* Task objective
A verbatim repeat of the lines below is required, with the pictures removed.

* Source material
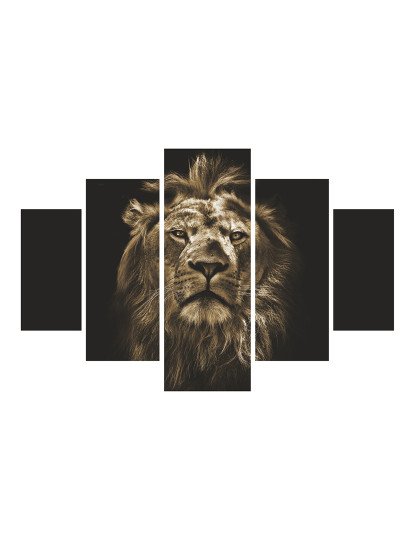 imagem de Pack 5 Pinturas Mdf Lion2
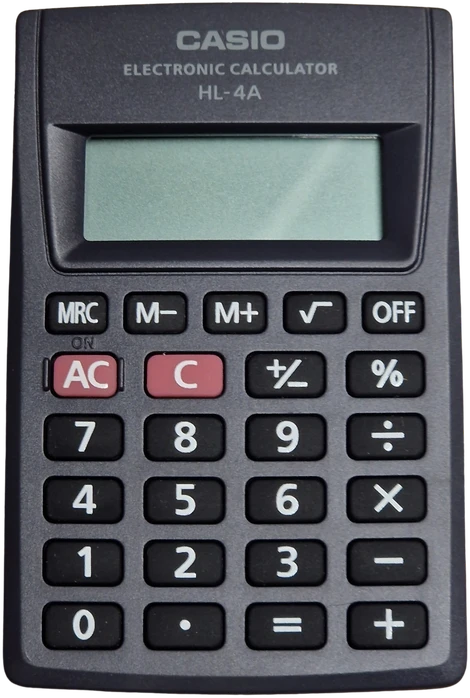 Kišeninis skaičiuotuvas CASIO HL-4A, 56 x 87 x 8.6 mm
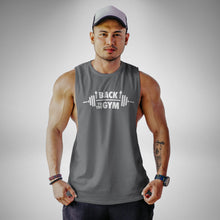 Load image into Gallery viewer, AM113 Back To The Gym Openside Tank Top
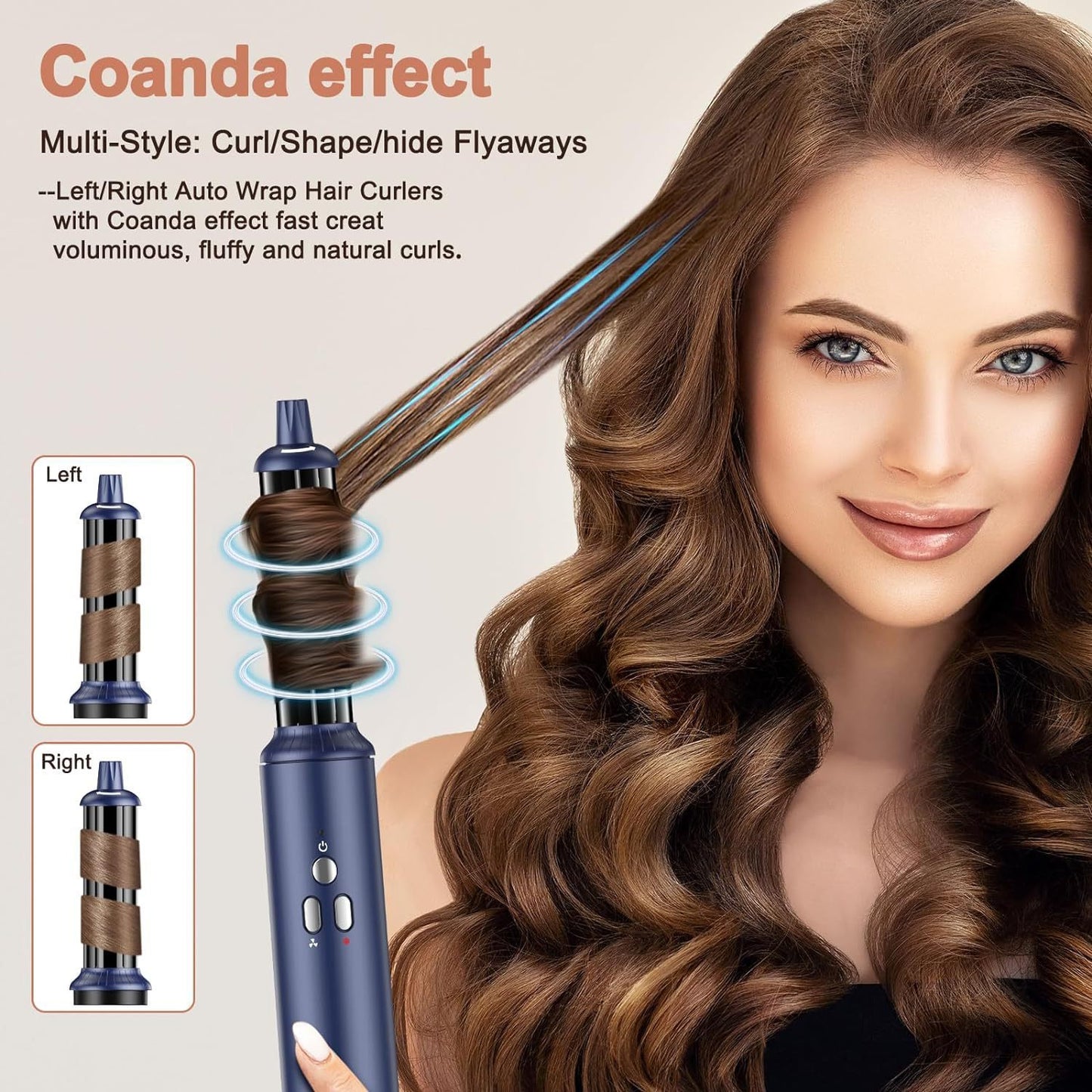 Multifunctional Six-in-One Curler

* Worked solution
 imagem de Pack 5 Pinturas Mdf Lion2
 Kišeninis skaičiuotuvas CASIO HL-4A, 56 x 87 x 8.6 mm
 Load image into Gallery viewer, AM113 Back To The Gym Openside Tank Top
 Multifunctional Six-in-One Curler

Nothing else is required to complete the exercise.